BEGIN Supplied data
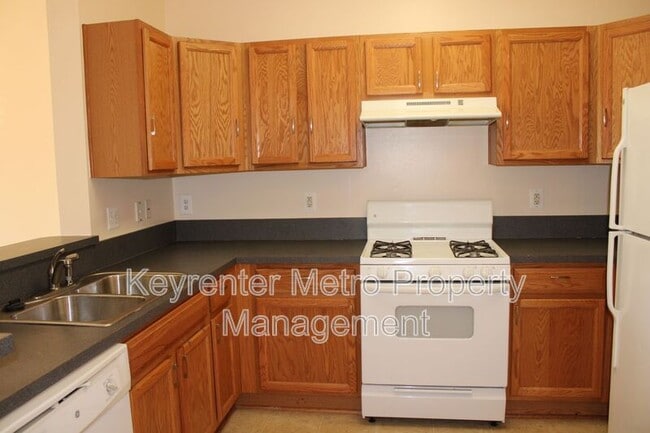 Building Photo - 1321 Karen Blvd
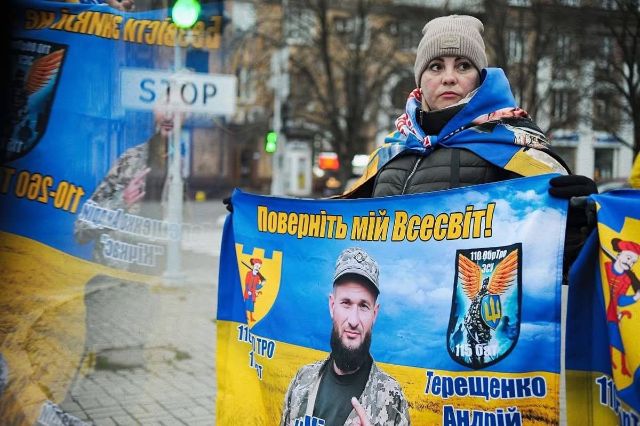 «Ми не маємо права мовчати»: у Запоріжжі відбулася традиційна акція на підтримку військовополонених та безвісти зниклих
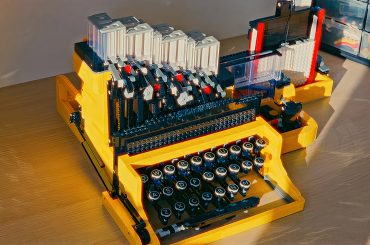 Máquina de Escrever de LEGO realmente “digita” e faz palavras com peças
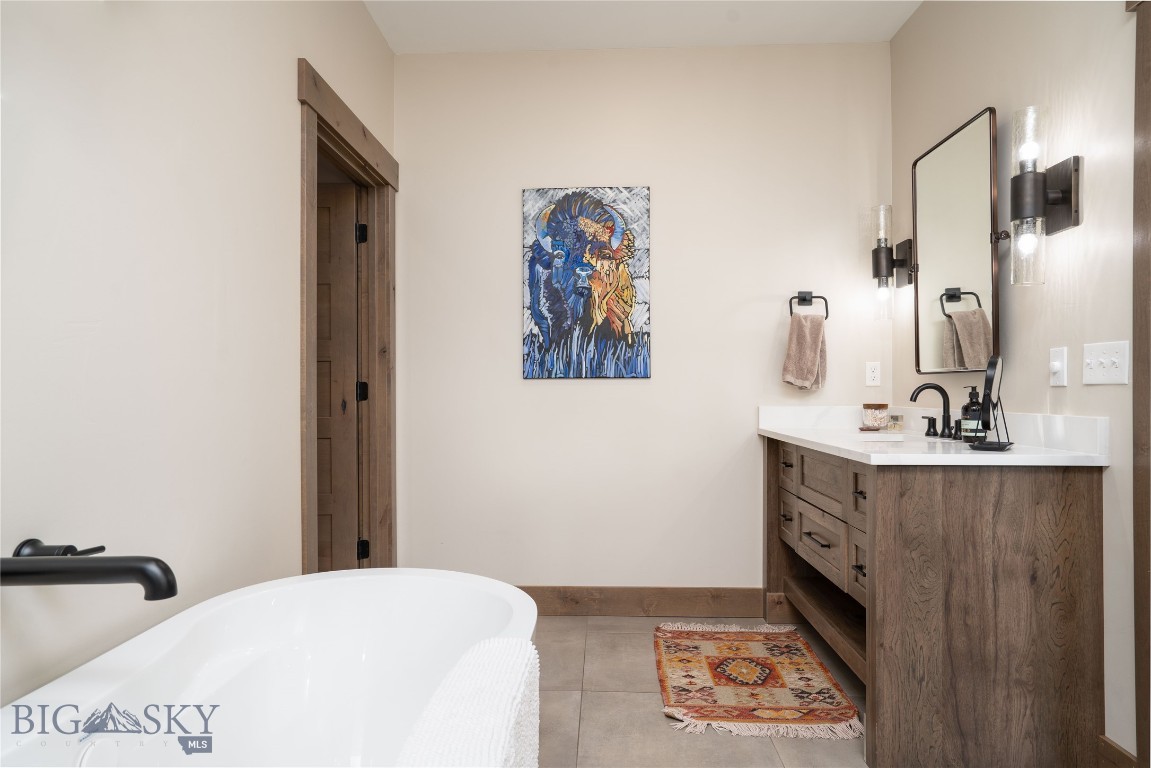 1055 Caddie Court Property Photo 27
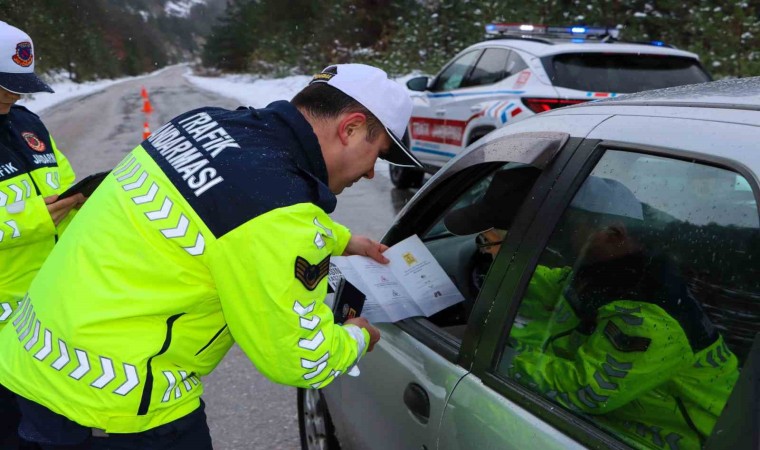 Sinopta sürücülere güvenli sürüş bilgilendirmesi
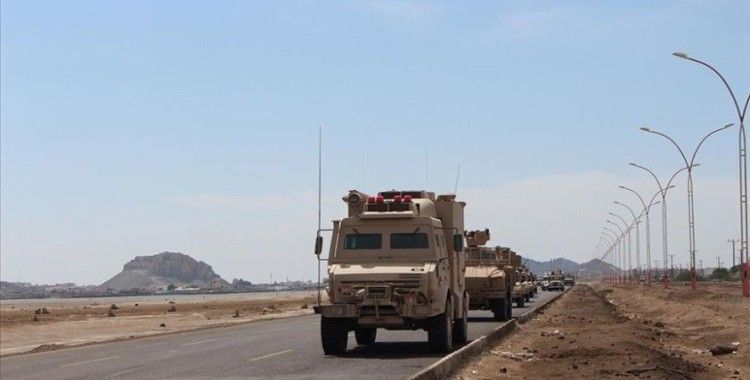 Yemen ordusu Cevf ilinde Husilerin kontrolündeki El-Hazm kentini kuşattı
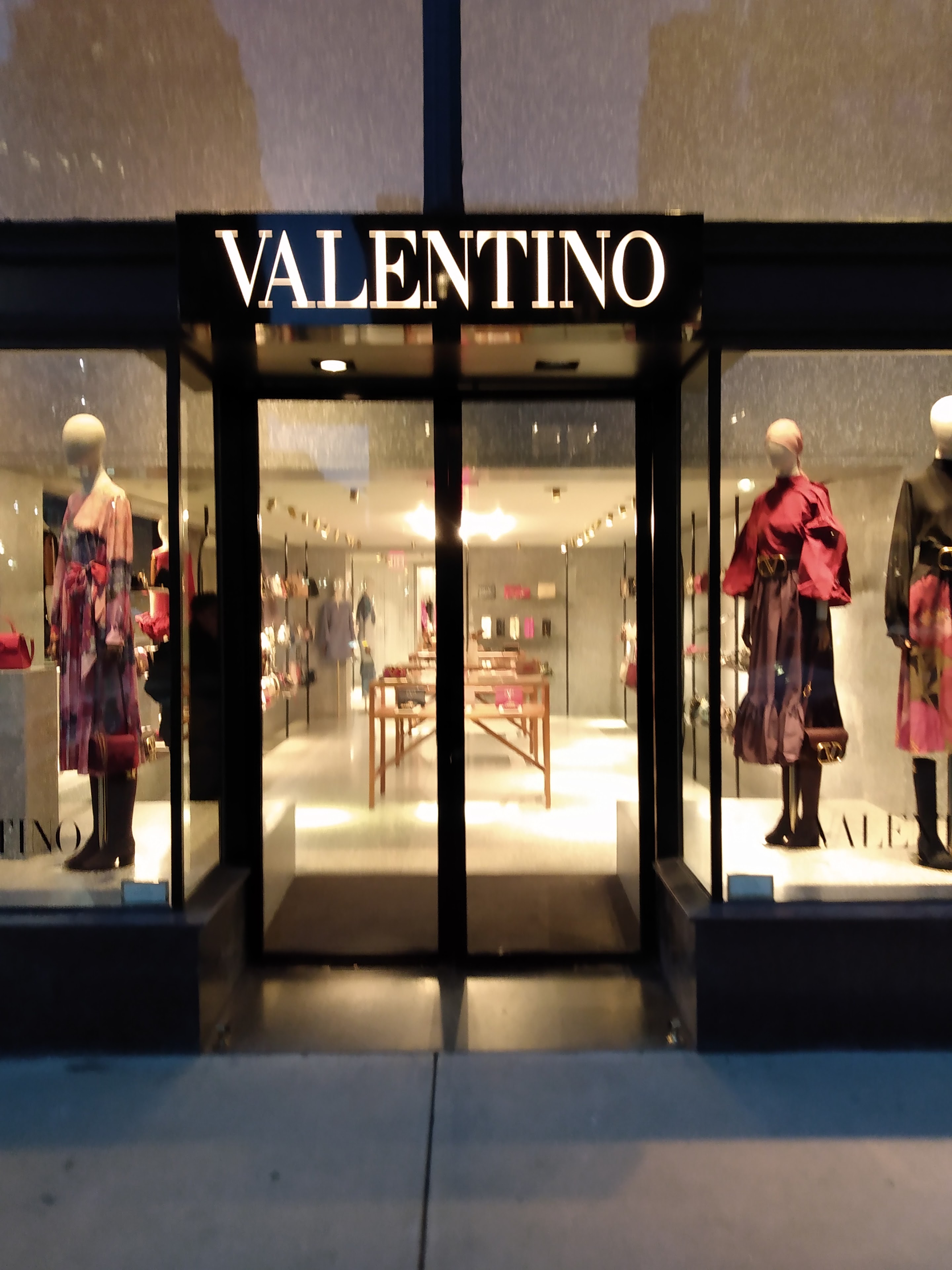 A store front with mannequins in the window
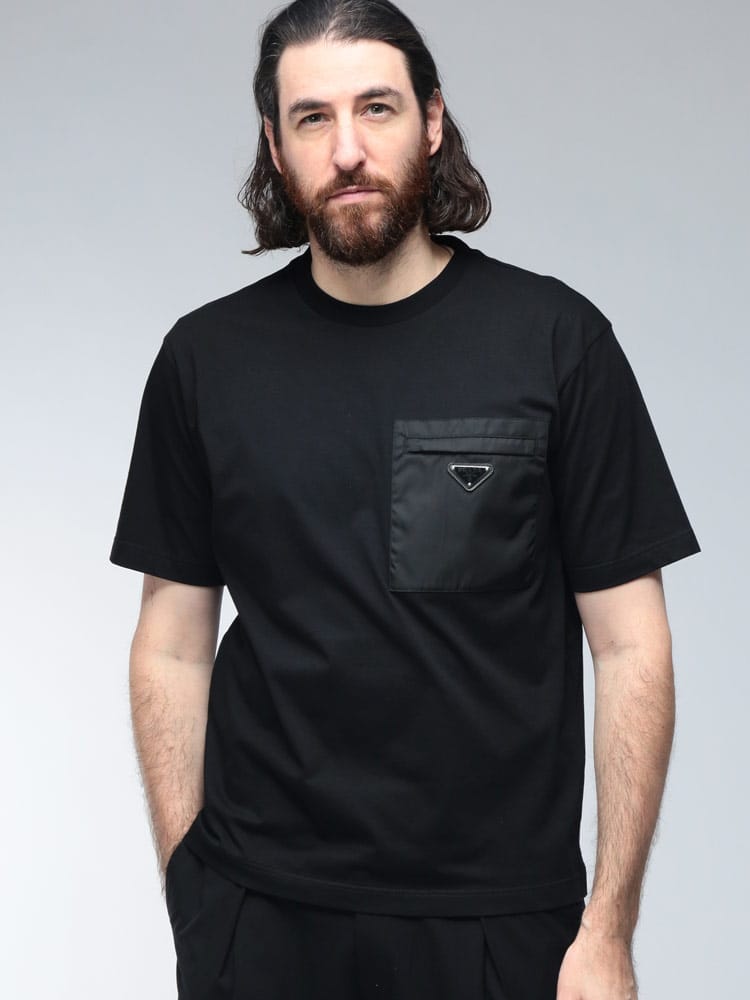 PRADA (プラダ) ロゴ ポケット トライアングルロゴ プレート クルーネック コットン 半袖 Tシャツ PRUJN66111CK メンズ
END Supplied data
* **What you will do**
The result should be every entry, word for word, and no pictures.

* **Response to the exercise**
 Building Photo - 1321 Karen Blvd
 «Ми не маємо права мовчати»: у Запоріжжі відбулася традиційна акція на підтримку військовополонених та безвісти зниклих
 Máquina de Escrever de LEGO realmente “digita” e faz palavras com peças
 1055 Caddie Court Property Photo 27
 Sinopta sürücülere güvenli sürüş bilgilendirmesi
 Yemen ordusu Cevf ilinde Husilerin kontrolündeki El-Hazm kentini kuşattı
 A store front with mannequins in the window
 PRADA (プラダ) ロゴ ポケット トライアングルロゴ プレート クルーネック コットン 半袖 Tシャツ PRUJN66111CK メンズ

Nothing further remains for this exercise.